Book Review: Everyone Communicates Few Connect

This is a book review of the new book by John C Maxwell 'Everyone Communicates Few Connect'. John C. Maxwell is an internationally respected leadership expert, speaker, and author of many best sellers. You can read his thoughts on his blog JohnMaxwellOnLeadership.com.

'Everyone Communicates Few Connect'
makes a strong case that communication is not complete unless you have connected with your audience. Your audience can be one or many but you need to connect with them in order to achieve your objectives.

The book is made up of two parts; Connecting Principles (Part I) & Connecting Practices (Part II). In the paragraphs below I would like to share snippets on what the book talks about.

Connecting Principles

Why Connect with others?
John first talks in detail about why we need to connect with our audience. Why is it so important? What happens if we do not connect? He shares lot of personal stories to illustrate his point. Be it a group or one-on-one, be it work or home we need to connect to make the most of our skills. Connecting can make or break you.

It's about them
When it comes to connecting, you cannot be self-focused. In order to connect, you have to start focusing and worrying about others. You can only connect if you know about them, care about them and think about them. John shares a very beautiful point here. He says that people ask themselves three questions when they deal with anyone.

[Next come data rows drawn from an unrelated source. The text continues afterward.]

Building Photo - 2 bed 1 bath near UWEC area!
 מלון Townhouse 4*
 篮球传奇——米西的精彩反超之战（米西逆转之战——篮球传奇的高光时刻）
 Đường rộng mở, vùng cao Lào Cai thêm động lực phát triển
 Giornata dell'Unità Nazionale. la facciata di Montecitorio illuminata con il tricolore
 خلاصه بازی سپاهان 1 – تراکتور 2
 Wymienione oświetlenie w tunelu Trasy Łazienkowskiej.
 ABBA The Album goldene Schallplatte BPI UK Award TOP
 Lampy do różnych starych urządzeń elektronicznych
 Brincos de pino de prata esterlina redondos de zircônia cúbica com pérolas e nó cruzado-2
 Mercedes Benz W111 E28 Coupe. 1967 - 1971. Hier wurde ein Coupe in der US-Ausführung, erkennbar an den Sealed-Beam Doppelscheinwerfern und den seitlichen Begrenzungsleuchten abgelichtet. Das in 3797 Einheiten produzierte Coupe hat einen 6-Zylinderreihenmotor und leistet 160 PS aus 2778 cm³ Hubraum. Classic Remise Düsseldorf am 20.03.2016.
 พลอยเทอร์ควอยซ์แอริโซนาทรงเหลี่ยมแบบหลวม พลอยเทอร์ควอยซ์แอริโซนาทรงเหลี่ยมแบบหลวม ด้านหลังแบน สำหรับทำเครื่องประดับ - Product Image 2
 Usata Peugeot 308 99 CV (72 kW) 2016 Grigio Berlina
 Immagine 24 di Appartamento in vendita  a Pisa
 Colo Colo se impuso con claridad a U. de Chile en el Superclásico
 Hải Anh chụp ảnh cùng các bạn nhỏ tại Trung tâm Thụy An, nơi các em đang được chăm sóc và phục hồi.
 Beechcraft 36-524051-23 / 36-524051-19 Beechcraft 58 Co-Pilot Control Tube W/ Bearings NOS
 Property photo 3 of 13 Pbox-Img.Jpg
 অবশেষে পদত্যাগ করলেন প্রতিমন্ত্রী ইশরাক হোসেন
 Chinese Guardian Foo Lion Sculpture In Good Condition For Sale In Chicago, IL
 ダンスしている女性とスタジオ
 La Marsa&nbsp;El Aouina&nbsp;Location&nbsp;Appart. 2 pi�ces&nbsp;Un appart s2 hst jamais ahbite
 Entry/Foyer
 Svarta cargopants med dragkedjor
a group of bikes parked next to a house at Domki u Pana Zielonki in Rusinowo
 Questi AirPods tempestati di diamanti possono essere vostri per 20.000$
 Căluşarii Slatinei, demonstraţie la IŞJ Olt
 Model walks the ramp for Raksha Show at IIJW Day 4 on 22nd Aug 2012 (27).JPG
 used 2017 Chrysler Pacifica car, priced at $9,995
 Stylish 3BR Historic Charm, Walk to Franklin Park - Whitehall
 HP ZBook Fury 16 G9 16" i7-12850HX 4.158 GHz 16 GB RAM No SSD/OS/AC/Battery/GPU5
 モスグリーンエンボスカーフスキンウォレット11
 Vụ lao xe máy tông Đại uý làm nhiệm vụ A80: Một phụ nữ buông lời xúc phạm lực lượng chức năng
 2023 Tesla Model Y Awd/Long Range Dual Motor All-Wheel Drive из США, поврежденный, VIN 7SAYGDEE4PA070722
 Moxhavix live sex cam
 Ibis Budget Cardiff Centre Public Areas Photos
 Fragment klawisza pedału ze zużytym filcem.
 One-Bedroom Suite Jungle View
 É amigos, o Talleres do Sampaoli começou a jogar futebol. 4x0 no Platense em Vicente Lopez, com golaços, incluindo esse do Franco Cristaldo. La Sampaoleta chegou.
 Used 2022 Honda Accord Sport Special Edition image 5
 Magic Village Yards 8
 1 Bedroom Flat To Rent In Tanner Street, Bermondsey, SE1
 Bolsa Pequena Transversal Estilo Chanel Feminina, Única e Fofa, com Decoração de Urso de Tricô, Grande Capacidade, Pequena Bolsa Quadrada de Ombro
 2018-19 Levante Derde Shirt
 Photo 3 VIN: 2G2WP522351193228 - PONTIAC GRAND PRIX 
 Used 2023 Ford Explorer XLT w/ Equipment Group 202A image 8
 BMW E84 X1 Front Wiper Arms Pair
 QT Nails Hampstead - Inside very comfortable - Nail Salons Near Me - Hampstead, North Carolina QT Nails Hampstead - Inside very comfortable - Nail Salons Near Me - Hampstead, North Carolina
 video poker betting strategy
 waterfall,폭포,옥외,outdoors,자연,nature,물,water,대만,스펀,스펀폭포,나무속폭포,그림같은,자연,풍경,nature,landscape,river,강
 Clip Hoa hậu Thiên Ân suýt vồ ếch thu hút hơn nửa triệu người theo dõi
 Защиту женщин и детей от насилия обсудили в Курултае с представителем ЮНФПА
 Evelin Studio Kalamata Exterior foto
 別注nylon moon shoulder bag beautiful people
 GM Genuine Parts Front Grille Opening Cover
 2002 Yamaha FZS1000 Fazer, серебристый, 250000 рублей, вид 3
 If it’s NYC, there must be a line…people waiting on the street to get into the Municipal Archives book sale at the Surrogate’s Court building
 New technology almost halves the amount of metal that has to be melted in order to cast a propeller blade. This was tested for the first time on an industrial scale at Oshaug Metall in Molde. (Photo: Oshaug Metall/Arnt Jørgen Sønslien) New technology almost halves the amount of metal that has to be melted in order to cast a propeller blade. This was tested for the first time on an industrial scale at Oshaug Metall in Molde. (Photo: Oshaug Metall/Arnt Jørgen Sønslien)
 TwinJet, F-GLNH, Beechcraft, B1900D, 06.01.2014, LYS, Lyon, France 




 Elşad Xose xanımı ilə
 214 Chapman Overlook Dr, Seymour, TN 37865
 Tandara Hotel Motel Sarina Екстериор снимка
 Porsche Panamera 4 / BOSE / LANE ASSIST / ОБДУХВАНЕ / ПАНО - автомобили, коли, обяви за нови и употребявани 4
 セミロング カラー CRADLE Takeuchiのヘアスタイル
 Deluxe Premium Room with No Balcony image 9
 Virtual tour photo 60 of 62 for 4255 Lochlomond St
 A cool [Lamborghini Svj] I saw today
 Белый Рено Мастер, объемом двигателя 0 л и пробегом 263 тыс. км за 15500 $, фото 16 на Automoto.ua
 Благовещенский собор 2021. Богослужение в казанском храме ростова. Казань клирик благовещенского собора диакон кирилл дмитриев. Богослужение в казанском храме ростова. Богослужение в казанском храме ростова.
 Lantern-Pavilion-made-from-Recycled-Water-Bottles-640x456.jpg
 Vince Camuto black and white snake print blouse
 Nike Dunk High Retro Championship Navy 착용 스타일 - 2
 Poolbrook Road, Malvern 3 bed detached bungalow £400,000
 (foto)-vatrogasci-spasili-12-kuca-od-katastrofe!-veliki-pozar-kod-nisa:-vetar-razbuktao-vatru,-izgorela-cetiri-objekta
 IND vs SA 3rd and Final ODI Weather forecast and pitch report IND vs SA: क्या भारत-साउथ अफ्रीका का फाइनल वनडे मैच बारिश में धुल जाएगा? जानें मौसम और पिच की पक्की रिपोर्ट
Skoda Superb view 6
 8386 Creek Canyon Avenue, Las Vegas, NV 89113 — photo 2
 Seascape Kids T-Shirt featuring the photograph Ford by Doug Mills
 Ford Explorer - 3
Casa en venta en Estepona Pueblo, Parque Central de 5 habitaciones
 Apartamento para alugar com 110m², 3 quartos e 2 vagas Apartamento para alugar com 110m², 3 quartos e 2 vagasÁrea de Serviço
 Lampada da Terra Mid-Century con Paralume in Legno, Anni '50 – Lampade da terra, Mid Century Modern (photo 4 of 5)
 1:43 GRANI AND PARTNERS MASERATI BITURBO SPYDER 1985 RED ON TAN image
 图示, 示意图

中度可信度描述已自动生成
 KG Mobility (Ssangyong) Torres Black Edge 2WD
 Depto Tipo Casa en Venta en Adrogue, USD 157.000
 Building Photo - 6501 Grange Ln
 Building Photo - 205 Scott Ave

Do you care for me? Can you help me? Can I trust you?

If we understand these questions and if we care, help and are trust worthy we will have no problems in connecting with others.

Actions speak louder than words
We cannot say something and do the other and yet expect people to be with us. We have to live what we say. John stresses that we need to connect with people at 4 levels; connect visually, intellectually, emotionally & verbally.

What you sow, so shall you reap
To connect with people requires effort. They will get what you put in. John also shares what he calls the 'Four Unpardonable Sins of a Communicator - unprepared, uncommitted, uninteresting or uncomfortable'. He relates the first three sins to the energy a communicator is willing to put in.

Connecting is a skill we can learn
John is of the point of view that the ability to connect is just another skill and can be learnt. There is no such thing as a born connector. This book is basically an effort to show how one can connect better.

Connecting Practices

Part II is where the book delves into further detail of how one can connect with the audience. John urges us to find common grounds, keep our message simple, create our communication into an interesting experience for listeners, inspire people & live what we communicate. I would not get into the details of each chapter.
Good things about the book
The book has something to offer to every communicator, presenter and business leader. The book has a clear focus 'Connect better with your audience' and it has been written in a very simple manner. It is jargon free and easy to read for all. You may be an executive or a CEO but you will find the book easy to understand.

What could have been better
The book attempts to explain 'everything' in detail. It makes a conscious effort that 'everyone' who reads the book should understand what's being said. That's why it becomes a bit slow. If you have got the point by the time you are half way through the paragraph, the other half might seem slow and repetitious. The reader should pace the book to get the most out of it.